Work item:
Could you retype the listing beneath, keeping each line exactly as it is?

Records shown:
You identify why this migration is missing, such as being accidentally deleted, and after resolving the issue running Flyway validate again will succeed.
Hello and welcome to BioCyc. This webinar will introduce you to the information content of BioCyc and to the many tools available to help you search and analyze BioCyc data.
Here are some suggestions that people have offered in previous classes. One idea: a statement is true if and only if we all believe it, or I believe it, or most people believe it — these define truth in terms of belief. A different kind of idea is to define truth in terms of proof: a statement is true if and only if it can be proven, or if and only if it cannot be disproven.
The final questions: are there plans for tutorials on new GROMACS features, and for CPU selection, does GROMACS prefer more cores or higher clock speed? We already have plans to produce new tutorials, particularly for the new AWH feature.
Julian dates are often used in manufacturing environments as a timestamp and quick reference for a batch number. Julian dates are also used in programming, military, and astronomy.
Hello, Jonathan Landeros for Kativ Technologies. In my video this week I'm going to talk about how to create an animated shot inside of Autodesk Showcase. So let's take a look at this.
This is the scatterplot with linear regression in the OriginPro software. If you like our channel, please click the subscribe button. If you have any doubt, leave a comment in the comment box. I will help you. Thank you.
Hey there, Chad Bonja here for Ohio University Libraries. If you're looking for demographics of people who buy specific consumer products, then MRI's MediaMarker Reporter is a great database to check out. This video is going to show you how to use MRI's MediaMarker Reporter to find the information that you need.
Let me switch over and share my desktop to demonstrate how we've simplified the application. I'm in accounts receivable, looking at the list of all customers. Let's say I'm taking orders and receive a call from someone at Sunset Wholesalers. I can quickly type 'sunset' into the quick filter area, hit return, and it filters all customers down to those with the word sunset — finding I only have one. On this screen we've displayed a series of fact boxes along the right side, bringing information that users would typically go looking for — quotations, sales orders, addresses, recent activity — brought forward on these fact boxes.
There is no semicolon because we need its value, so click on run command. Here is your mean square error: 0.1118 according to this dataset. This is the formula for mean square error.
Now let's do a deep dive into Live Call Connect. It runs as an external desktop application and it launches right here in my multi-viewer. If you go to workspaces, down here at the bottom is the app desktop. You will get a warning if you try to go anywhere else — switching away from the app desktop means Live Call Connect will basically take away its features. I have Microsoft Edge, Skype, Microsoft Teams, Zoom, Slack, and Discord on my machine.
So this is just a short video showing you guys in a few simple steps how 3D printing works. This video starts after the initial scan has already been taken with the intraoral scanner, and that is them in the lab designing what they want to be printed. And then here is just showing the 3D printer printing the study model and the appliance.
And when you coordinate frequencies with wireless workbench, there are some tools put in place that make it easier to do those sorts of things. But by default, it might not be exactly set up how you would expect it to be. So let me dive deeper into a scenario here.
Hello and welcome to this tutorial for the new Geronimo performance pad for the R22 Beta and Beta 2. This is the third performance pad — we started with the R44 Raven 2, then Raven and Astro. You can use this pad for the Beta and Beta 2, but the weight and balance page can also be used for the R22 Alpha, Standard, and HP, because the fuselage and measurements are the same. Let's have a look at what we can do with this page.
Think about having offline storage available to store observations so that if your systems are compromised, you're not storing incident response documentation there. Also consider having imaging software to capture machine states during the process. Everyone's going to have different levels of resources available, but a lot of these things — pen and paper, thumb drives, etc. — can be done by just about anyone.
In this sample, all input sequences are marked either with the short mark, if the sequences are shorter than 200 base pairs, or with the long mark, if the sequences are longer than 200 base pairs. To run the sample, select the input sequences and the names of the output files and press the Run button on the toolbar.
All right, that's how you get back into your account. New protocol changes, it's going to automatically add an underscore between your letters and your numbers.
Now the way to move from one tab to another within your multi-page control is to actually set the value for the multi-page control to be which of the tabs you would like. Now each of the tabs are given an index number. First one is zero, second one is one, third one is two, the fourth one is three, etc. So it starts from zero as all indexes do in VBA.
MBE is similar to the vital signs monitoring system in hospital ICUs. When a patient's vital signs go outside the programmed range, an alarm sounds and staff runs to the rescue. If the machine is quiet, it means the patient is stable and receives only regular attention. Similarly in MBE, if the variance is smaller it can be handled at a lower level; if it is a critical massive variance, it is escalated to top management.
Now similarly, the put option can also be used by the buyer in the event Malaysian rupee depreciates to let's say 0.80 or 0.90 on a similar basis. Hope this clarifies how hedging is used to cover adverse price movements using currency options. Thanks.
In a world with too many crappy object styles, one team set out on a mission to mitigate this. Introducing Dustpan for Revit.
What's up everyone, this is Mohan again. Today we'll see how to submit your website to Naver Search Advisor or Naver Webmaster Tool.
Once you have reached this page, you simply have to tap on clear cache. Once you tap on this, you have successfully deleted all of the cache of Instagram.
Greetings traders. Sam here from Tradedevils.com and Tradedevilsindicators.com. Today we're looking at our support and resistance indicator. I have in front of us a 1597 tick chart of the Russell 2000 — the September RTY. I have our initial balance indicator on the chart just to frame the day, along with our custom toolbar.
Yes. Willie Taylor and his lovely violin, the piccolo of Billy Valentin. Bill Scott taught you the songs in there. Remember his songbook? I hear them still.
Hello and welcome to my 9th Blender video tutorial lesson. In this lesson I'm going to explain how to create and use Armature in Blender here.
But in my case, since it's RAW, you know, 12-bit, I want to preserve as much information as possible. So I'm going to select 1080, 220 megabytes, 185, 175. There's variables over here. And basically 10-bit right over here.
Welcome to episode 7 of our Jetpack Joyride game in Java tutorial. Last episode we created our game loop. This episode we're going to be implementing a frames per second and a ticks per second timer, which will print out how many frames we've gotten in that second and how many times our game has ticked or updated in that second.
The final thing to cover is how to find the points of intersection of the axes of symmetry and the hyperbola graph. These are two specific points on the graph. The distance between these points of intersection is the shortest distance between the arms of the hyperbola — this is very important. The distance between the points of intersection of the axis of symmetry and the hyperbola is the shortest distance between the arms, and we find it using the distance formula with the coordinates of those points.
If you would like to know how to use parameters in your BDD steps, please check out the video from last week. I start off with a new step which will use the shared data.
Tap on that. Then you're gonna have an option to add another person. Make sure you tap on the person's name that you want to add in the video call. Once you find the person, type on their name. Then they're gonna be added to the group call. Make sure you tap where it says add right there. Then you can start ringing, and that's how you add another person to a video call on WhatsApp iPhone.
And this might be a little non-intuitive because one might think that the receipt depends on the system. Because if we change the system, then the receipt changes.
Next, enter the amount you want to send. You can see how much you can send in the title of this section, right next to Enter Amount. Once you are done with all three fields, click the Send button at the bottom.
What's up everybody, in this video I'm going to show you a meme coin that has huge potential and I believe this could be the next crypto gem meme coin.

Result of this task:
You identify why this migration is missing, such as being accidentally deleted, and after resolving the issue running Flyway validate again will succeed.
Hello and welcome to BioCyc. This webinar will introduce you to the information content of BioCyc and to the many tools available to help you search and analyze BioCyc data.
Here are some suggestions that people have offered in previous classes. One idea: a statement is true if and only if we all believe it, or I believe it, or most people believe it — these define truth in terms of belief. A different kind of idea is to define truth in terms of proof: a statement is true if and only if it can be proven, or if and only if it cannot be disproven.
The final questions: are there plans for tutorials on new GROMACS features, and for CPU selection, does GROMACS prefer more cores or higher clock speed? We already have plans to produce new tutorials, particularly for the new AWH feature.
Julian dates are often used in manufacturing environments as a timestamp and quick reference for a batch number. Julian dates are also used in programming, military, and astronomy.
Hello, Jonathan Landeros for Kativ Technologies. In my video this week I'm going to talk about how to create an animated shot inside of Autodesk Showcase. So let's take a look at this.
This is the scatterplot with linear regression in the OriginPro software. If you like our channel, please click the subscribe button. If you have any doubt, leave a comment in the comment box. I will help you. Thank you.
Hey there, Chad Bonja here for Ohio University Libraries. If you're looking for demographics of people who buy specific consumer products, then MRI's MediaMarker Reporter is a great database to check out. This video is going to show you how to use MRI's MediaMarker Reporter to find the information that you need.
Let me switch over and share my desktop to demonstrate how we've simplified the application. I'm in accounts receivable, looking at the list of all customers. Let's say I'm taking orders and receive a call from someone at Sunset Wholesalers. I can quickly type 'sunset' into the quick filter area, hit return, and it filters all customers down to those with the word sunset — finding I only have one. On this screen we've displayed a series of fact boxes along the right side, bringing information that users would typically go looking for — quotations, sales orders, addresses, recent activity — brought forward on these fact boxes.
There is no semicolon because we need its value, so click on run command. Here is your mean square error: 0.1118 according to this dataset. This is the formula for mean square error.
Now let's do a deep dive into Live Call Connect. It runs as an external desktop application and it launches right here in my multi-viewer. If you go to workspaces, down here at the bottom is the app desktop. You will get a warning if you try to go anywhere else — switching away from the app desktop means Live Call Connect will basically take away its features. I have Microsoft Edge, Skype, Microsoft Teams, Zoom, Slack, and Discord on my machine.
So this is just a short video showing you guys in a few simple steps how 3D printing works. This video starts after the initial scan has already been taken with the intraoral scanner, and that is them in the lab designing what they want to be printed. And then here is just showing the 3D printer printing the study model and the appliance.
And when you coordinate frequencies with wireless workbench, there are some tools put in place that make it easier to do those sorts of things. But by default, it might not be exactly set up how you would expect it to be. So let me dive deeper into a scenario here.
Hello and welcome to this tutorial for the new Geronimo performance pad for the R22 Beta and Beta 2. This is the third performance pad — we started with the R44 Raven 2, then Raven and Astro. You can use this pad for the Beta and Beta 2, but the weight and balance page can also be used for the R22 Alpha, Standard, and HP, because the fuselage and measurements are the same. Let's have a look at what we can do with this page.
Think about having offline storage available to store observations so that if your systems are compromised, you're not storing incident response documentation there. Also consider having imaging software to capture machine states during the process. Everyone's going to have different levels of resources available, but a lot of these things — pen and paper, thumb drives, etc. — can be done by just about anyone.
In this sample, all input sequences are marked either with the short mark, if the sequences are shorter than 200 base pairs, or with the long mark, if the sequences are longer than 200 base pairs. To run the sample, select the input sequences and the names of the output files and press the Run button on the toolbar.
All right, that's how you get back into your account. New protocol changes, it's going to automatically add an underscore between your letters and your numbers.
Now the way to move from one tab to another within your multi-page control is to actually set the value for the multi-page control to be which of the tabs you would like. Now each of the tabs are given an index number. First one is zero, second one is one, third one is two, the fourth one is three, etc. So it starts from zero as all indexes do in VBA.
MBE is similar to the vital signs monitoring system in hospital ICUs. When a patient's vital signs go outside the programmed range, an alarm sounds and staff runs to the rescue. If the machine is quiet, it means the patient is stable and receives only regular attention. Similarly in MBE, if the variance is smaller it can be handled at a lower level; if it is a critical massive variance, it is escalated to top management.
Now similarly, the put option can also be used by the buyer in the event Malaysian rupee depreciates to let's say 0.80 or 0.90 on a similar basis. Hope this clarifies how hedging is used to cover adverse price movements using currency options. Thanks.
In a world with too many crappy object styles, one team set out on a mission to mitigate this. Introducing Dustpan for Revit.
What's up everyone, this is Mohan again. Today we'll see how to submit your website to Naver Search Advisor or Naver Webmaster Tool.
Once you have reached this page, you simply have to tap on clear cache. Once you tap on this, you have successfully deleted all of the cache of Instagram.
Greetings traders. Sam here from Tradedevils.com and Tradedevilsindicators.com. Today we're looking at our support and resistance indicator. I have in front of us a 1597 tick chart of the Russell 2000 — the September RTY. I have our initial balance indicator on the chart just to frame the day, along with our custom toolbar.
Yes. Willie Taylor and his lovely violin, the piccolo of Billy Valentin. Bill Scott taught you the songs in there. Remember his songbook? I hear them still.
Hello and welcome to my 9th Blender video tutorial lesson. In this lesson I'm going to explain how to create and use Armature in Blender here.
But in my case, since it's RAW, you know, 12-bit, I want to preserve as much information as possible. So I'm going to select 1080, 220 megabytes, 185, 175. There's variables over here. And basically 10-bit right over here.
Welcome to episode 7 of our Jetpack Joyride game in Java tutorial. Last episode we created our game loop. This episode we're going to be implementing a frames per second and a ticks per second timer, which will print out how many frames we've gotten in that second and how many times our game has ticked or updated in that second.
The final thing to cover is how to find the points of intersection of the axes of symmetry and the hyperbola graph. These are two specific points on the graph. The distance between these points of intersection is the shortest distance between the arms of the hyperbola — this is very important. The distance between the points of intersection of the axis of symmetry and the hyperbola is the shortest distance between the arms, and we find it using the distance formula with the coordinates of those points.
If you would like to know how to use parameters in your BDD steps, please check out the video from last week. I start off with a new step which will use the shared data.
Tap on that. Then you're gonna have an option to add another person. Make sure you tap on the person's name that you want to add in the video call. Once you find the person, type on their name. Then they're gonna be added to the group call. Make sure you tap where it says add right there. Then you can start ringing, and that's how you add another person to a video call on WhatsApp iPhone.
And this might be a little non-intuitive because one might think that the receipt depends on the system. Because if we change the system, then the receipt changes.
Next, enter the amount you want to send. You can see how much you can send in the title of this section, right next to Enter Amount. Once you are done with all three fields, click the Send button at the bottom.
What's up everybody, in this video I'm going to show you a meme coin that has huge potential and I believe this could be the next crypto gem meme coin.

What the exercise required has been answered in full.